- **Data shown**:
********************

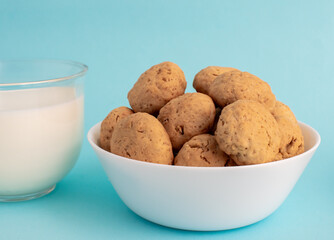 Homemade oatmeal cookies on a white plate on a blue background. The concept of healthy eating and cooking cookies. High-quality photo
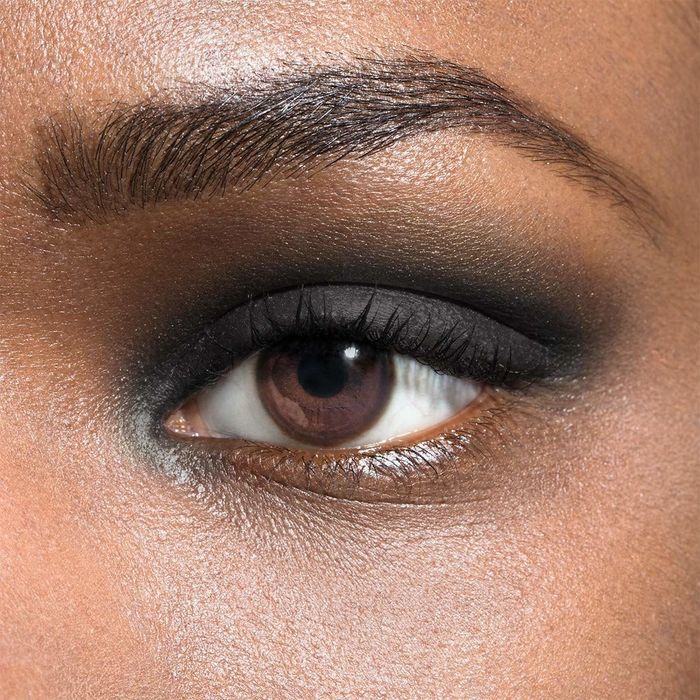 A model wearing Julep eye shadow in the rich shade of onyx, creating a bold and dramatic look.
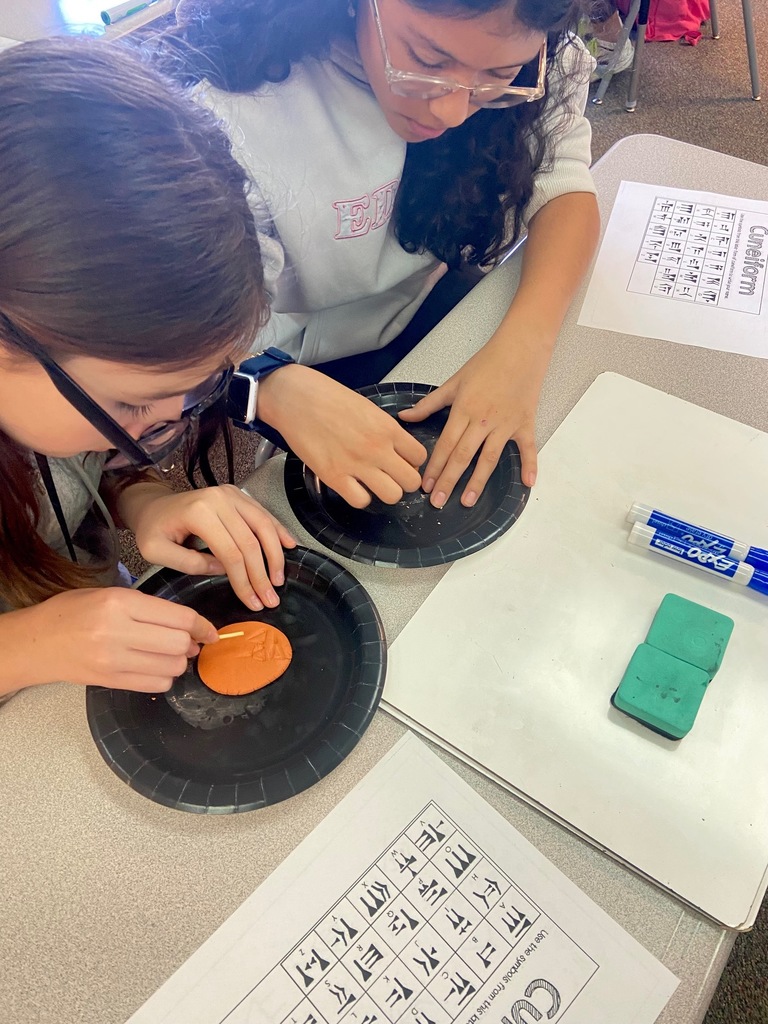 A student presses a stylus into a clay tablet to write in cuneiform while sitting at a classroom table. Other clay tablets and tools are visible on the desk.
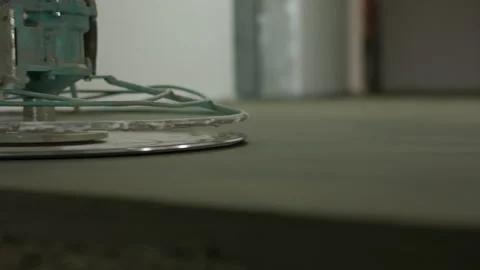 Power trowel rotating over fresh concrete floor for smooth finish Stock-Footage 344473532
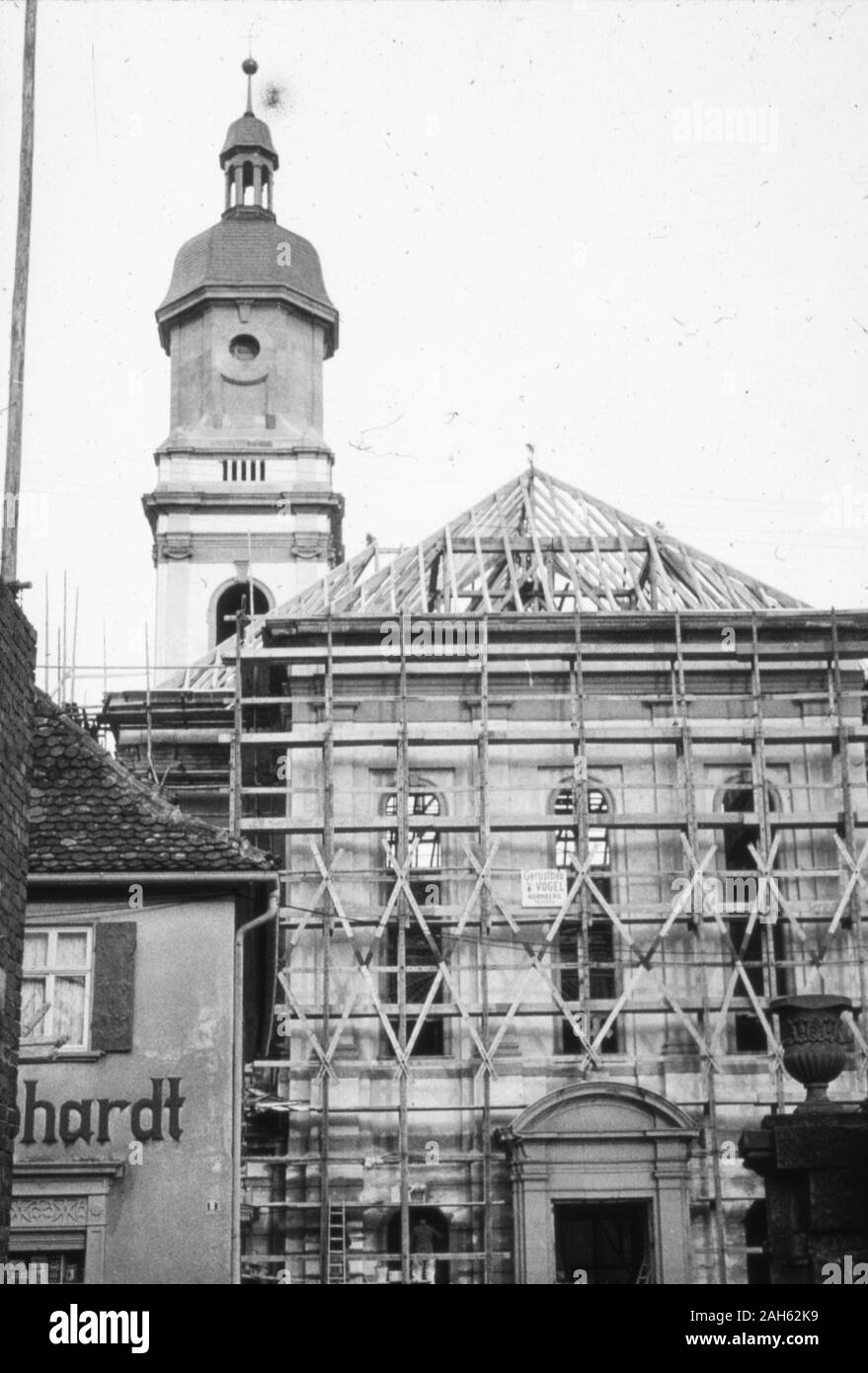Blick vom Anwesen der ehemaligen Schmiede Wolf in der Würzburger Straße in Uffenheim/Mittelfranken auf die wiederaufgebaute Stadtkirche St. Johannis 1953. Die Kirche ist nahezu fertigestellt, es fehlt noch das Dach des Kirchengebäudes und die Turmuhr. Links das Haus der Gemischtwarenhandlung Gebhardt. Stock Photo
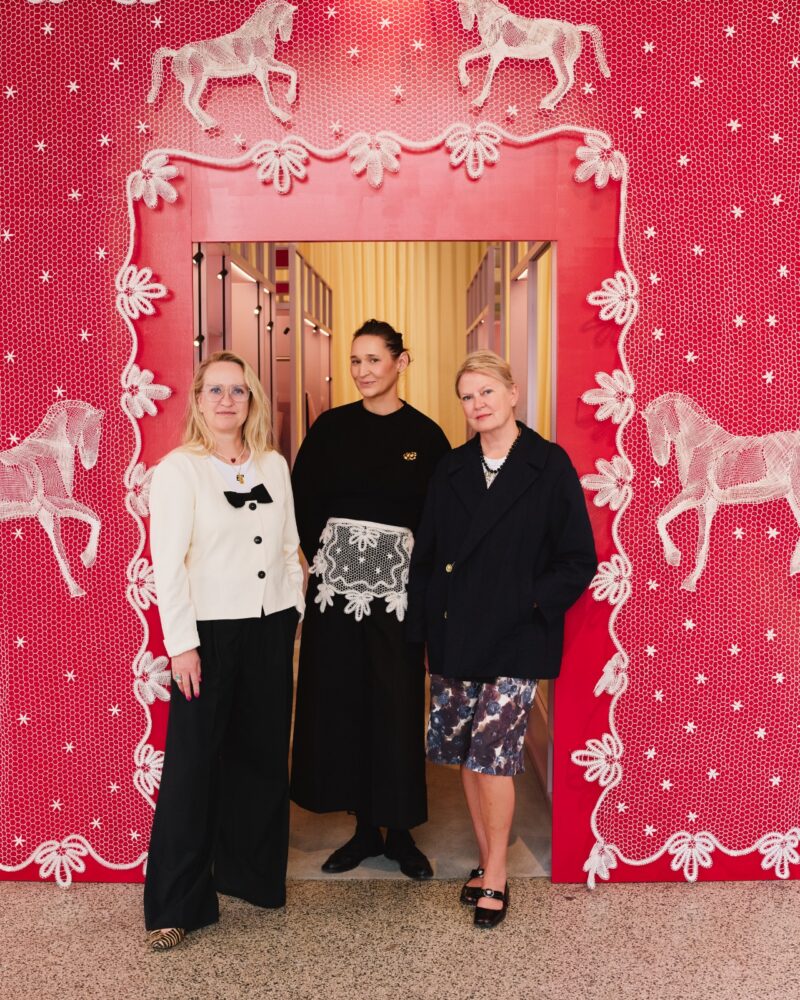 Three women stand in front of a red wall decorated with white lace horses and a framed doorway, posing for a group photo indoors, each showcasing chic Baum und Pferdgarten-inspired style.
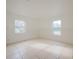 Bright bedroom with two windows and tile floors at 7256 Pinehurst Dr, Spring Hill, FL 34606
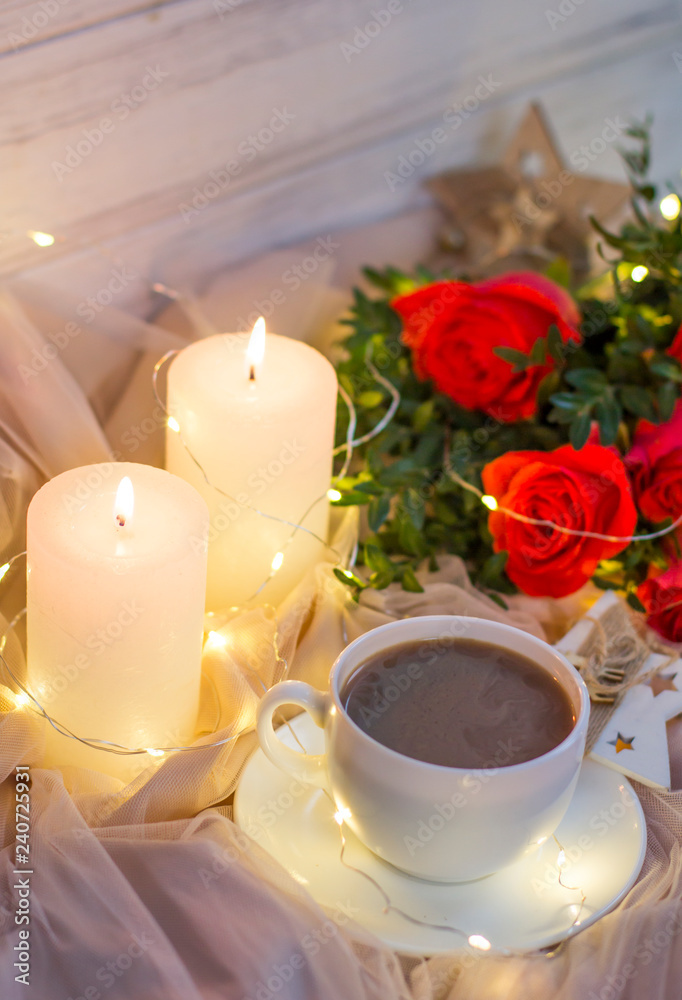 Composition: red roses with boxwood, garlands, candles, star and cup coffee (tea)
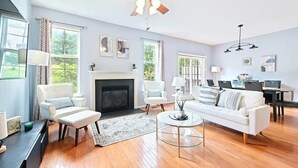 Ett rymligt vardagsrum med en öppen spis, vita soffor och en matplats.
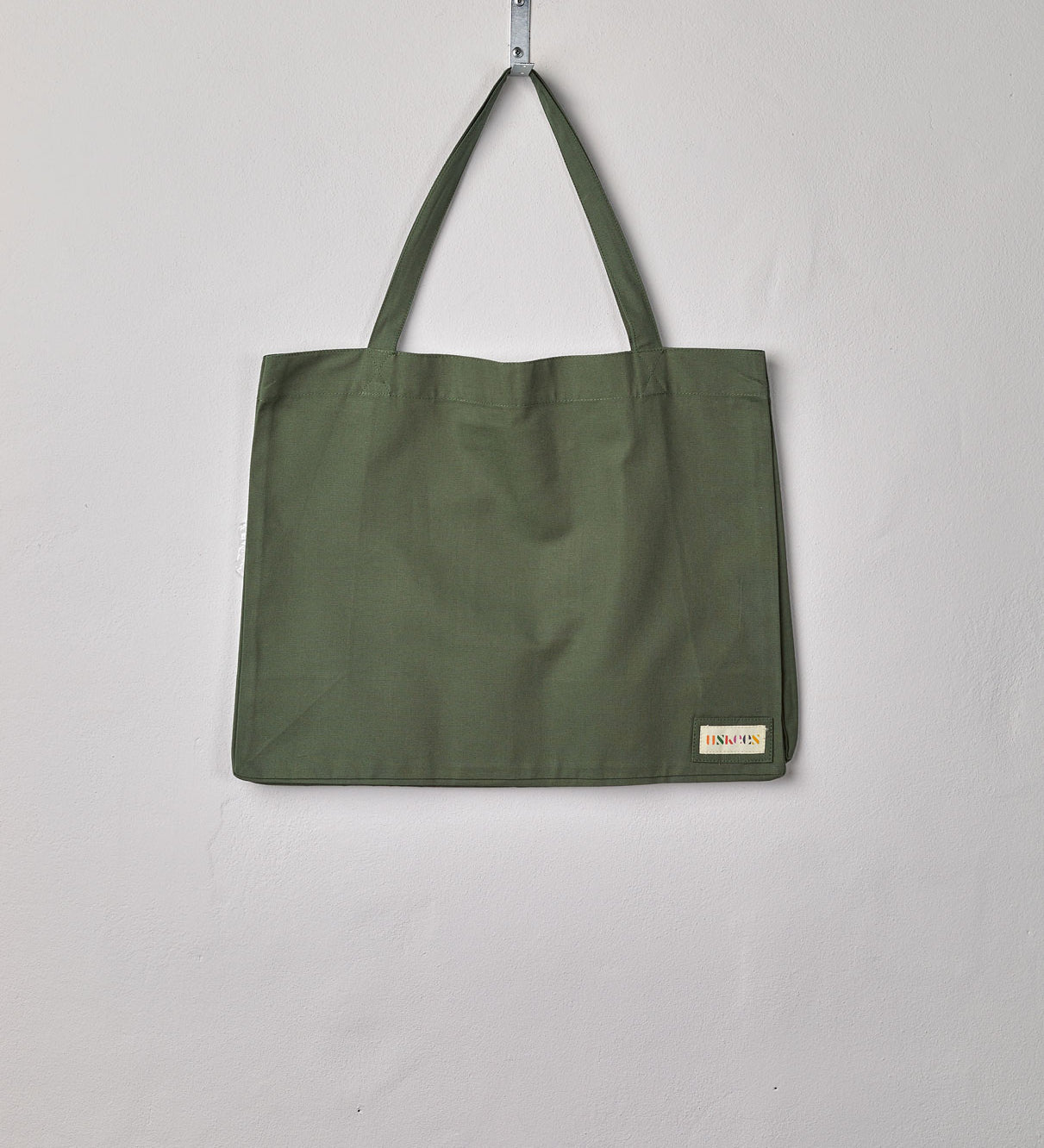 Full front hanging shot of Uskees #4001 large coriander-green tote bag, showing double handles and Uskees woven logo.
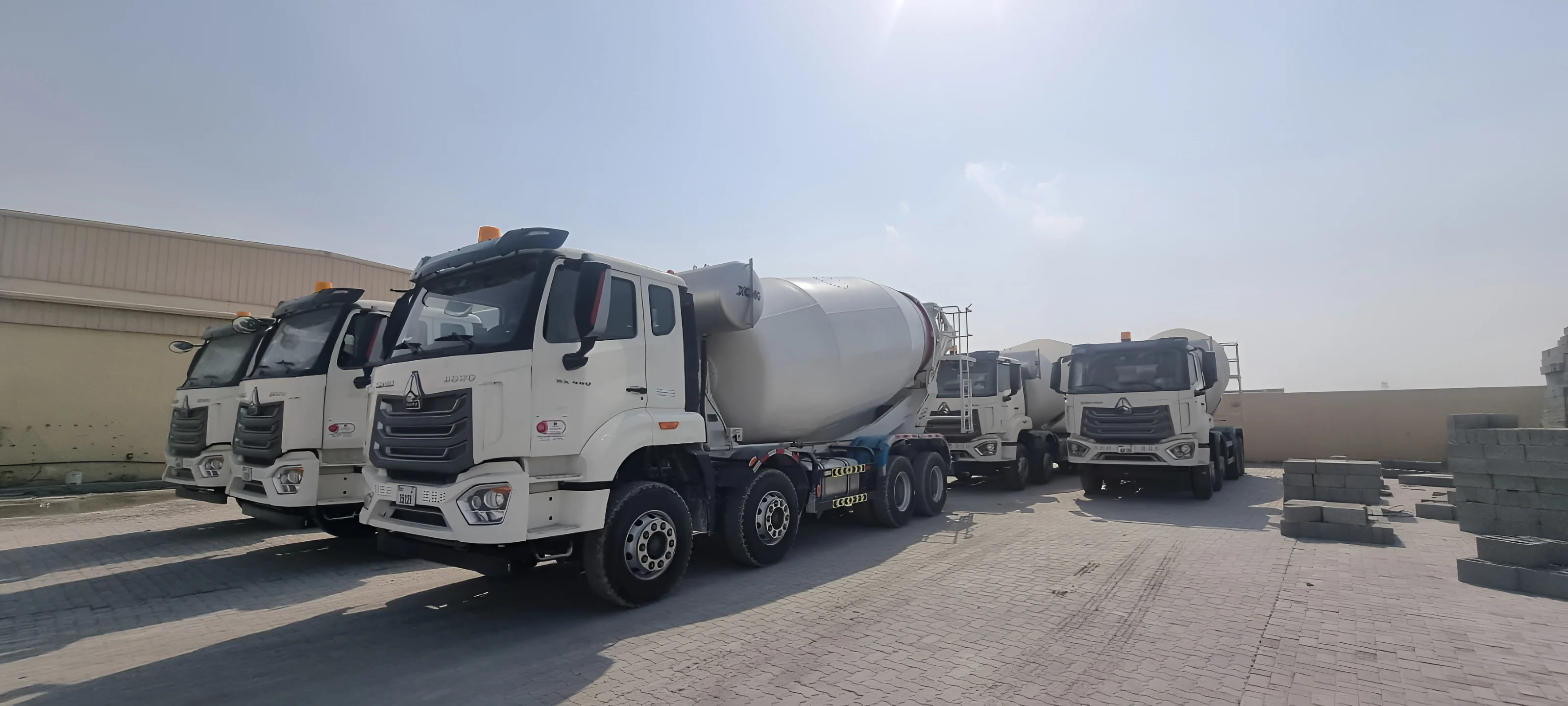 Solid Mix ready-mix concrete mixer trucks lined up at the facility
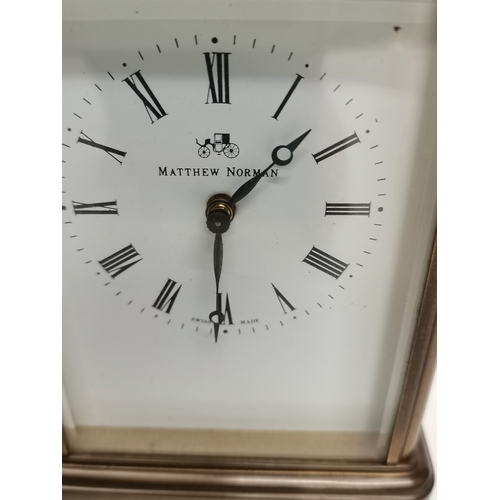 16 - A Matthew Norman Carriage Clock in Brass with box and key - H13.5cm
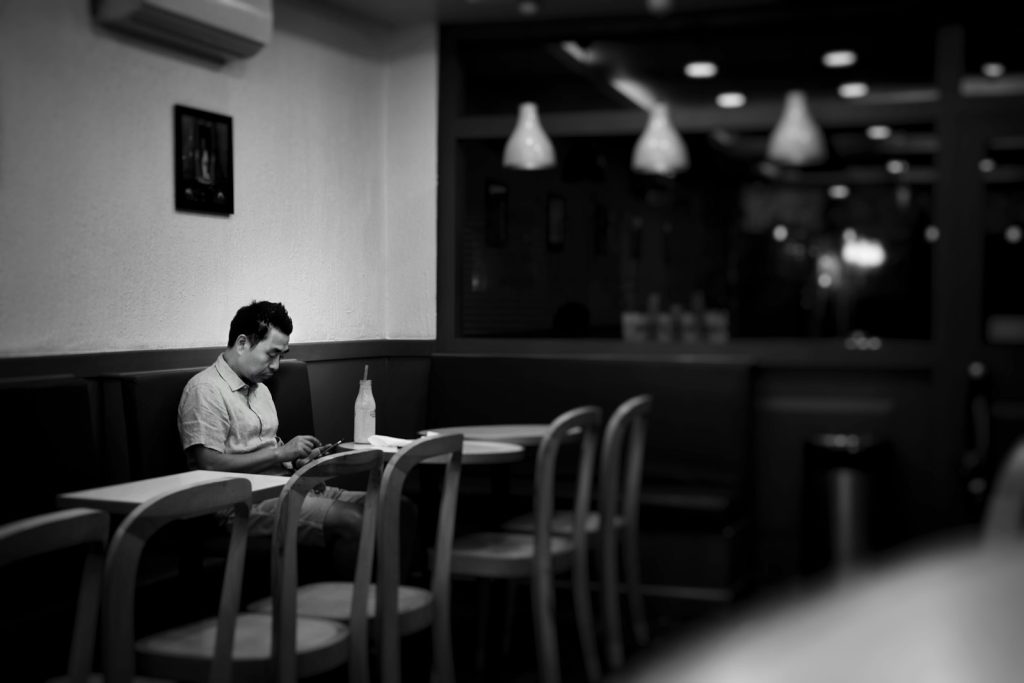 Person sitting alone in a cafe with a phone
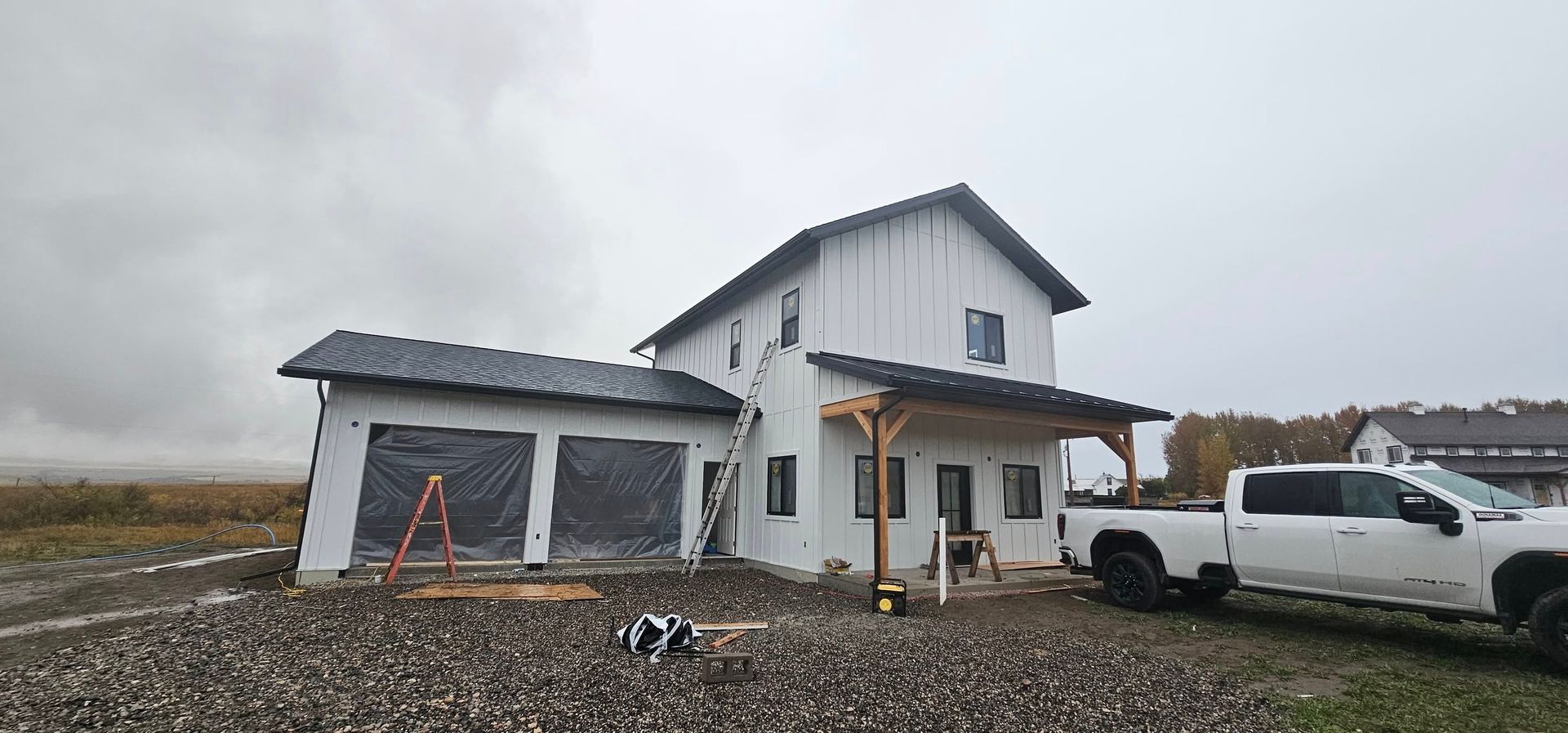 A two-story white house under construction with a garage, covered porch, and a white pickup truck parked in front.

********************

- **What the task asks**:
Please reproduce the listing exactly from its opening line through the line that contains "A model wearing", both included, with all pictures omitted.

- **Exercise solution**:
 Homemade oatmeal cookies on a white plate on a blue background. The concept of healthy eating and cooking cookies. High-quality photo
 A model wearing Julep eye shadow in the rich shade of onyx, creating a bold and dramatic look.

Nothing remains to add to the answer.